From: 'Seminarian's Guide'
Confession is available here during most of the hours that the church is open. God is able to forgive sins without confession. But in the Bible, and in the lengthy tradition of Christianity, confession to the Church and her absolution - done in the person of the priest, who represents the Church and acts in the person of Christ - is God's own preference. It is presumptuous to spurn the means that God has given us for the communication of his grace and his forgiveness. Even the Pope hears confessions, usually on Good Friday, and it is never announced beforehand.

Jesus said to them again, "Peace be with you. As the Father has sent me, even so I send you." And when he had said this, he breathed on them, and said to them, "Receive the Holy Spirit. If you forgive the sins of any, they are forgiven; if you retain the sins of any, they are retained." (Jn 20:21-23)

This area held the sessions of the First Vatican Council, in which about seven hundred Fathers took part, and which was opened by Pius IX on 8 December 1869. Of particular note, the Council proclaimed the Dogma of Papal Infallibility. The Council was abruptly interrupted on July 18, 1870 when Rome was taken by the Italian army. The Council was not officially concluded, however, until October 11, 1962, when the Second Vatican Council opened!

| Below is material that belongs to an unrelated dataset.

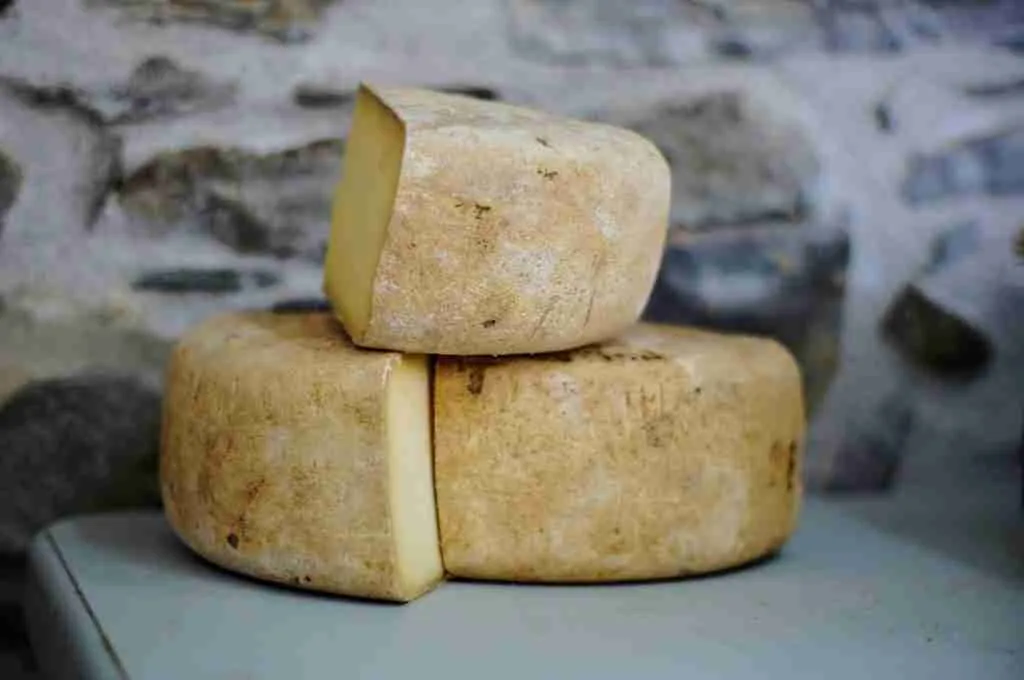 25 Fun Facts About Cheese That Will Make You Say Cheese! 2 cheese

On this spot were held the sessions of the First Vatican Council, which was begun on 8 December 1869 by Pope Pius IX and continued until 2 September 1870. The sessions of the Second Vatican Council, called by Pope John XXIII (1958-1963) and concluded under Pope Paul VI in 1965, were held in the nave of the Basilica. Mosaic pictures by various artists are situated above the altars. Among them (in the center) is the martyrdom of Saints Processus and Martinianus by Poussin (1629); the original is in the Vatican Museum. The great French painter, who spent a great deal of time in Italy, painted this picture in a classical style at a period when the style of Caravaggio was prevalent and the fervour of the baroque was at its height. The Saint Wenceslaus to the right is by Angelo Caroselli (1630); Saint Erasmus on the left is by Valentino (1630). The chapel of Saints Processus and Martinianus was to have contained the statue of Religion by A. Canova. The Chapter of the Vatican intervened, however, on the grounds that the floor would give way under such an immense weight. It was not a very convincing reason. Canova, who was of a temperamental and easily offended nature, removed the symbols of the Catholic faith from the statue, and transformed it into an image of Protestant Religion. In 1817 he sold it to Countess Brownlow, who placed it in the Anglican church at Belton in England.